**Problem**
Send back all the data below, exactly as given.

**Text-to-region grounding data**

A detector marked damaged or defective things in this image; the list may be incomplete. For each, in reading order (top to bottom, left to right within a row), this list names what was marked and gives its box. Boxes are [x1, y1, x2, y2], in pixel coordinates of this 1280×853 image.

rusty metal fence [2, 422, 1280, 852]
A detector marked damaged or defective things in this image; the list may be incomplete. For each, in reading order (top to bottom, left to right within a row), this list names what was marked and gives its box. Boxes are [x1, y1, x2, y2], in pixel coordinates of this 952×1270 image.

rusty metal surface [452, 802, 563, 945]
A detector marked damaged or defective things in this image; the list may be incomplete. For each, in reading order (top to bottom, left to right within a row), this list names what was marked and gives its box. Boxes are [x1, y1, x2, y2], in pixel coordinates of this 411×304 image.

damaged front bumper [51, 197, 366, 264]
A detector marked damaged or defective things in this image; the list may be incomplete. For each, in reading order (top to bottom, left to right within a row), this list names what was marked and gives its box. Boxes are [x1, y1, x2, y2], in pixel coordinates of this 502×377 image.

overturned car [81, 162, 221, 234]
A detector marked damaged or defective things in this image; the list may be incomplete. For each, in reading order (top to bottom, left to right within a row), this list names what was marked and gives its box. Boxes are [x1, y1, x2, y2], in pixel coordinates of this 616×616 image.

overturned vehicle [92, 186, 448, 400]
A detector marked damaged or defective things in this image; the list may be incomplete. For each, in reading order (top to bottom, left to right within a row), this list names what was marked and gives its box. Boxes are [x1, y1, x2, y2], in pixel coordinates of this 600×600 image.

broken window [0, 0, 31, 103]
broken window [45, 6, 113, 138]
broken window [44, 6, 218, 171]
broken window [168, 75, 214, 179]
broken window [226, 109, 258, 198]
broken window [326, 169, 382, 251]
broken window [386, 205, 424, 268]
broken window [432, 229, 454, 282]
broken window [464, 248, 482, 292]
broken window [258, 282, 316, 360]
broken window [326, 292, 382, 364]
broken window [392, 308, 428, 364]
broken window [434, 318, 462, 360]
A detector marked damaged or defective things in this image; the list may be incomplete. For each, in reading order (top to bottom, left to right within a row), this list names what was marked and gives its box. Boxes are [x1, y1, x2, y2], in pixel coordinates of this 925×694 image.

**Output below**
A detector marked damaged or defective things in this image; the list may be incomplete. For each, in reading order (top to bottom, left to right within a row), this list names what was marked and gives its box. Boxes are [x1, y1, x2, y2], in pixel coordinates of this 1280×853 image.

rusty metal fence [2, 422, 1280, 852]
A detector marked damaged or defective things in this image; the list may be incomplete. For each, in reading order (top to bottom, left to right within a row), this list names what was marked and gives its box. Boxes are [x1, y1, x2, y2], in pixel coordinates of this 952×1270 image.

rusty metal surface [452, 802, 563, 945]
A detector marked damaged or defective things in this image; the list may be incomplete. For each, in reading order (top to bottom, left to right within a row), this list names what was marked and gives its box. Boxes are [x1, y1, x2, y2], in pixel coordinates of this 411×304 image.

damaged front bumper [51, 197, 366, 264]
A detector marked damaged or defective things in this image; the list may be incomplete. For each, in reading order (top to bottom, left to right within a row), this list names what was marked and gives its box. Boxes are [x1, y1, x2, y2], in pixel coordinates of this 502×377 image.

overturned car [81, 162, 221, 234]
A detector marked damaged or defective things in this image; the list may be incomplete. For each, in reading order (top to bottom, left to right within a row), this list names what was marked and gives its box. Boxes are [x1, y1, x2, y2], in pixel coordinates of this 616×616 image.

overturned vehicle [92, 186, 448, 400]
A detector marked damaged or defective things in this image; the list may be incomplete. For each, in reading order (top to bottom, left to right within a row), this list names what was marked and gives its box. Boxes are [x1, y1, x2, y2], in pixel coordinates of this 600×600 image.

broken window [0, 0, 31, 103]
broken window [45, 6, 113, 138]
broken window [44, 6, 218, 171]
broken window [168, 75, 214, 179]
broken window [226, 109, 258, 198]
broken window [326, 169, 382, 251]
broken window [386, 205, 424, 268]
broken window [432, 229, 454, 282]
broken window [464, 248, 482, 292]
broken window [258, 282, 316, 360]
broken window [326, 292, 382, 364]
broken window [392, 308, 428, 364]
broken window [434, 318, 462, 360]
A detector marked damaged or defective things in this image; the list may be incomplete. For each, in reading order (top to bottom, left to right within a row), this list names what was marked and gives its box. Boxes are [x1, y1, x2, y2], in pixel coordinates of this 925×694 image.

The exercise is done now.